You can always use the squidclient program to reload a cached object if necessary. Simply insert the -r option before the URI:

% squidclient -r http://www.lrrr.org/junk >/tmp/foo

If you happen to have a refresh_pattern directive with the ignore-reload option set, you and your users may be unable to force a validation of the cached response. In that case, you’ll be better off purging the offending object or objects.

Removing Individual Objects

Squid accepts a custom request method for removing cached objects. The PURGE method isn’t one of the official HTTP request methods. It is different from DELETE, which Squid forwards to an origin server. A PURGE request asks Squid to remove the object given in the URI. Squid returns either 200 (Ok) or 404 (Not Found).

The PURGE method is somewhat dangerous because it removes cached objects. Squid disables the PURGE method unless you define an ACL for it. Normally you should allow PURGE requests only from localhost and perhaps a small number of trusted hosts. The configuration may look like this:

acl AdminBoxes src 127.0.0.1 172.16.0.1 192.168.0.1
acl Purge method PURGE
http_access allow AdminBoxes Purge
http_access deny Purge

The squidclient program provides an easy way to generate PURGE requests. For example:

% squidclient -m PURGE http://www.lrrr.org/junk

Alternatively, you could use something else (such as a Perl script) to generate your own HTTP request. It can be very simple:

PURGE http://www.lrrr.org/junk HTTP/1.0
Accept: */*

Note that a URI alone doesn’t uniquely identify a cached response. Squid also uses the original request method in the cache key. It may also use other request headers if the response contains a Vary header. When you issue a PURGE request, Squid looks for cached objects originally requested with the GET and HEAD methods. Furthermore, Squid also removes all variants of a response, unless you remove a specific variant by including the appropriate headers in the PURGE request. Squid removes only variants for GET and HEAD requests.

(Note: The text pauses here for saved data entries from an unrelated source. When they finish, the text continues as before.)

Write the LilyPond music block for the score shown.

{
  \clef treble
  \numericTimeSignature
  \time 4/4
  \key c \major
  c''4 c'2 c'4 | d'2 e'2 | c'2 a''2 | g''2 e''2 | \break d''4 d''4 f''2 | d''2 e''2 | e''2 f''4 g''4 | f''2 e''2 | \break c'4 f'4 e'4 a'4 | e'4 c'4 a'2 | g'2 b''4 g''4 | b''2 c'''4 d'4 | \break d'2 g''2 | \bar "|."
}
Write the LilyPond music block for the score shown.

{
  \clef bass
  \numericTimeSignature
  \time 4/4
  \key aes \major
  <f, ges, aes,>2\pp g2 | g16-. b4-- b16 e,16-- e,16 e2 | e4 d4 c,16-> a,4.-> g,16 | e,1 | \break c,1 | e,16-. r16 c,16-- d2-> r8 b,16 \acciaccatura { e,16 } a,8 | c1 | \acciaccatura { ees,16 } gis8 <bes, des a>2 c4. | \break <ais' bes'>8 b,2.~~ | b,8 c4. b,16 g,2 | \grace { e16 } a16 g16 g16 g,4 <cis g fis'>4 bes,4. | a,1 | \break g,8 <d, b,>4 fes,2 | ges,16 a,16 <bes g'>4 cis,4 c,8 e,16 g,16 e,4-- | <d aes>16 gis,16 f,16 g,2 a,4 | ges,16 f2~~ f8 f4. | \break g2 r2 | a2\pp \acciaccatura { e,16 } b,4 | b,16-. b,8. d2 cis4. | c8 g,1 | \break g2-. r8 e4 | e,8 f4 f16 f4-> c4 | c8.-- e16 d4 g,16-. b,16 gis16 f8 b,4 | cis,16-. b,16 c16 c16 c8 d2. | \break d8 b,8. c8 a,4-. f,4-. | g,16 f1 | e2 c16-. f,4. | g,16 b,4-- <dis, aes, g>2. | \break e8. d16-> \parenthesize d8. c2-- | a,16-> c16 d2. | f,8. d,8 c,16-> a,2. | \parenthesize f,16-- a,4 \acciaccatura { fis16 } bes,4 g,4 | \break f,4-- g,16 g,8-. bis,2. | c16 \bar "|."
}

Removing a Group of Objects

Unfortunately, Squid doesn’t provide a good mechanism for removing a bunch of objects at once. This often comes up when someone wants to remove all objects belonging to a certain origin server.

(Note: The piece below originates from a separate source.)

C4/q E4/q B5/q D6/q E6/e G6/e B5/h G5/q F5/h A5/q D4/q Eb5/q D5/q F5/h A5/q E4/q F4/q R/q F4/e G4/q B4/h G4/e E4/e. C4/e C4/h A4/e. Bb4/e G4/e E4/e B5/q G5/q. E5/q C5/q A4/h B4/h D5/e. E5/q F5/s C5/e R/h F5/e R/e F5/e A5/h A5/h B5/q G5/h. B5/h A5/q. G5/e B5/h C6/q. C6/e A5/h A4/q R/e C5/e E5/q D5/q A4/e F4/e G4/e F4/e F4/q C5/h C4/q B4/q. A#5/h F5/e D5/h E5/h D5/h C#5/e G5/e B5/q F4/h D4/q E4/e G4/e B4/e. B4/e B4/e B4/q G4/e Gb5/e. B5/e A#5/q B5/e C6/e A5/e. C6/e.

Squid lacks this feature for a couple of reasons. First, Squid would have to perform a linear search through all cached objects. This is CPU-intensive and takes a long time. While Squid is searching, your users can experience a performance degradation. Second, Squid keeps MD5s, rather than URIs, in memory. MD5s are one-way hashes, which means, for example, that you can’t tell if a given MD5 hash was generated from a URI that contains the string “www.example.com.” The only way to know is to recalculate the MD5 from the original URI and see if they match. Because Squid doesn’t have the URI, it can’t perform the calculation.

So what can you do?

You can use the data in access.log to get a list of URIs that might be in the cache. Then, feed them to squidclient or another utility to generate PURGE requests. For example:

% awk '{print $7}' /usr/local/squid/var/logs/access.log \
        | grep www.example.com \
        | xargs -n 1 squidclient -m PURGE

Removing All Objects

In extreme circumstances you may need to wipe out the entire cache, or at least one of the cache directories. First, you must make sure that Squid isn’t running.

One of the easiest ways to make Squid forget about all cached objects is to overwrite the swap.state files. Note that you can’t simply remove the swap.state files because Squid then scans the cache directories and opens all the object files. You also can’t simply truncate swap.state to a zero-sized file. Instead, you should put a single byte there, like this:

# echo '' > /usr/local/squid/var/cache/swap.state

When Squid reads the swap.state file, it gets an error because the record that should be there is too short. The next read results in an end-of-file condition, and Squid completes the rebuild procedure without loading any object metadata.

Note that this technique doesn’t remove the cache files from your disk. You’ve only tricked Squid into thinking that the cache is empty. As Squid runs, it adds new files to the cache and may overwrite the old files. In some cases, this might cause your disk to run out of free space. If that happens to you, you need to remove the old files before restarting Squid again.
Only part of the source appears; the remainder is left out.